If you do not want to be an active researcher and study your case subjects, you can always analyze previously gathered data. In order to do this, find all the bibliography on the subject you are studying, and prepare a certain question that needs answering. The material is still unlikely to give you ready statistics or graphs with such data, but it will provide different kinds of data that you will then gather into visually pleasing pie charts, graphs, tables, helping the reader see the point you are trying to make. You can find out surprising things using that methods, juxtaposing different numbers and data. However, be careful of not falling into the logical trap of false analogy or of drawing conclusions between unrelated subjects.
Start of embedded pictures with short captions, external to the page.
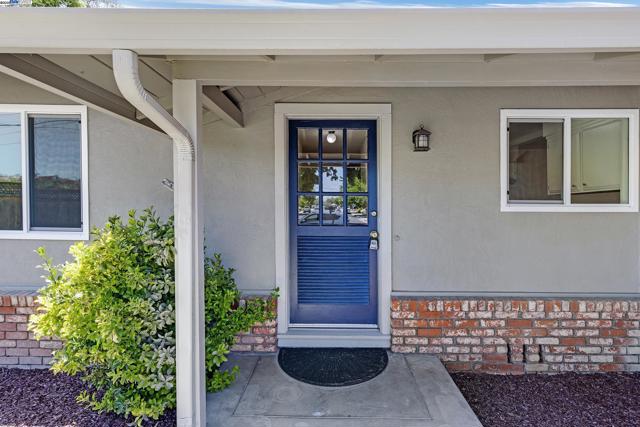 677 Wall St, Livermore CA: https://media.crmls.org/mediaz/3cfd2087-98eb-45d1-b2db-688eeca00a20.jpg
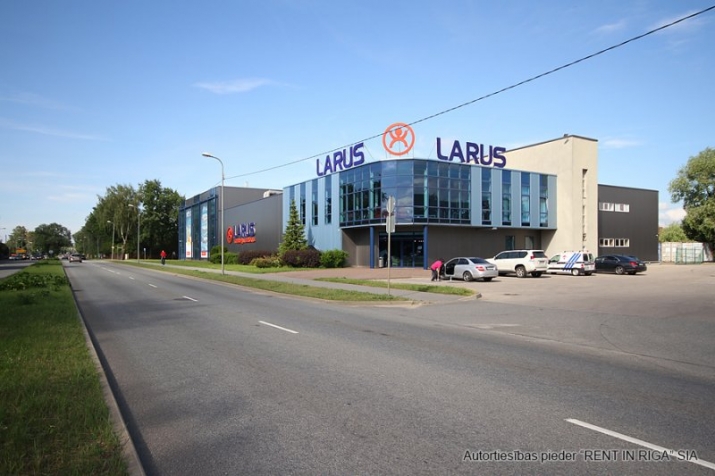 Sludinājumi. Tirdzniecības telpas Dārzciema ielā;  + 1. stāvs; + Platība sastāv no zāles, trīs nodalītām telpām, Cena: 4624 EUR/mēn Foto #5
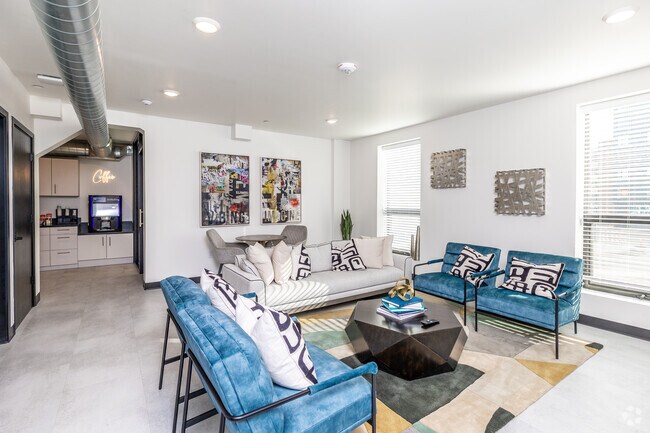 Estudio/Sala de café - The Nest Iowa City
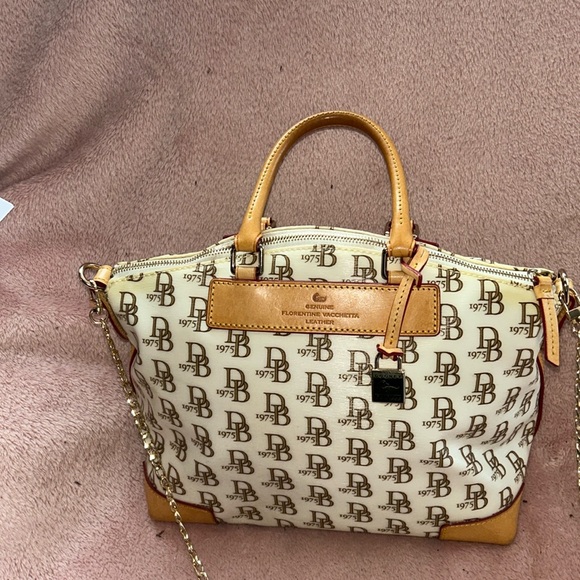 Rare Dooney and Bourke domesatchel🤎💛🤍🤎🧡💛🤍🤎🧡💛🤍🤎🧡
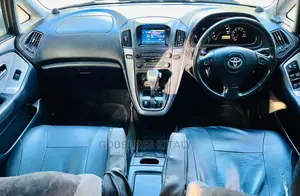 Toyota Harrier 2002 White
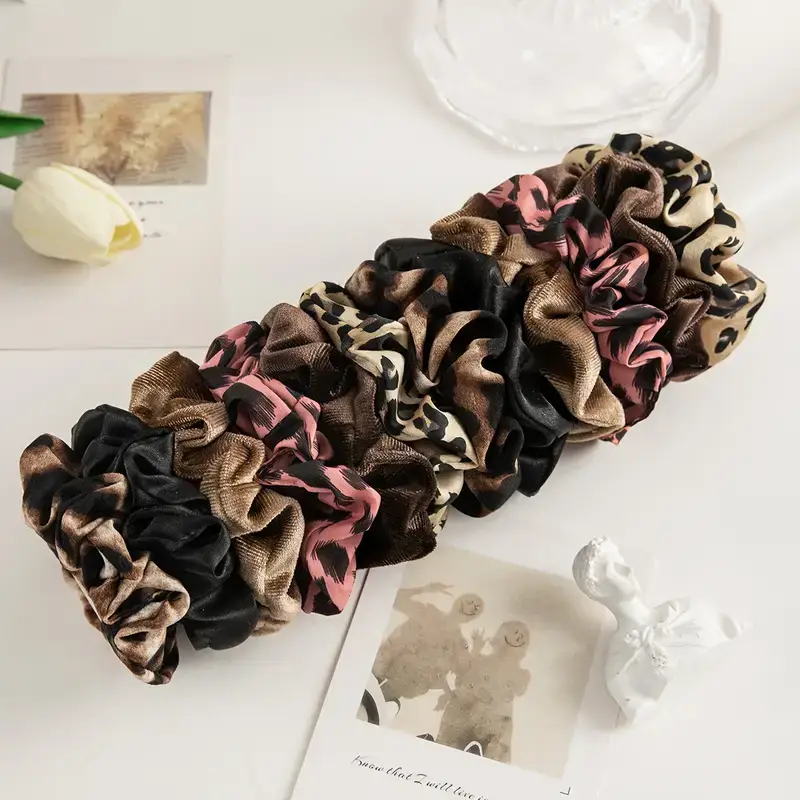 Kids4trendy – wholesale Scrunchie - Dam – SILK scrunchies Diamond Leopard4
Qualitative Research Methods

Qualitative research dissertation focuses on another approach to research. Instead of drawing conclusions from numbers, collected statistical data or graphs, you should focus on the qualitative aspect of the research. These methods help a researcher interpret the data, drawing on some common themes, looking into the quality of their findings, and assessing some personal cases, studies, processes that are not drawn on quantitative data. The conclusions made from such research are tentative, but that does not mean that it can be brushed off. Psychology is an example of a field of application of such methods.

Personal Interviews

The best way to gather qualitative data is to focus on the person who is the object of your study. In such case, you will collect extensive data that you can use. For example, if you are studying bilingualism in second-generation immigrants, it will help to find someone who is a second-generation immigrant and conduct an in-depth interview about this person’s experience and language skills, finding out whether they developed both languages equally or not, and so on.

Focus Groups

Dartboard

If you are writing a dissertation on marketing, the focus group method can be very useful. It is a way to find out why, how, and what, but only within a particular target group. If you research what kind of commercials appeal to black women in their 40s and why, this method is ideal. You do not have to meet the target people in person. Just register on special websites that give you an opportunity to send out a questionnaire to them. However, beware that this method may be expensive.

Participant Observation

The participant observation method allows you to study your participant’s behaviors in the natural setting. It can be anything, from a classroom, to a city, to a certain location. It can be tricky to organize, but it helps to effectively draw conclusions about the subject’s motivations, moods, behavior patterns, and so on.

Text Analysis

This method is also qualitative and deals with the interpretation of texts. Indeed, in literature it is sometimes hard to use quantity to draw conclusions, as it is a rather subjective discipline. Through text analysis we can draw conclusions on the author’s intentions, on the historical settings, on the language patterns that reflect the subconscious of people groups.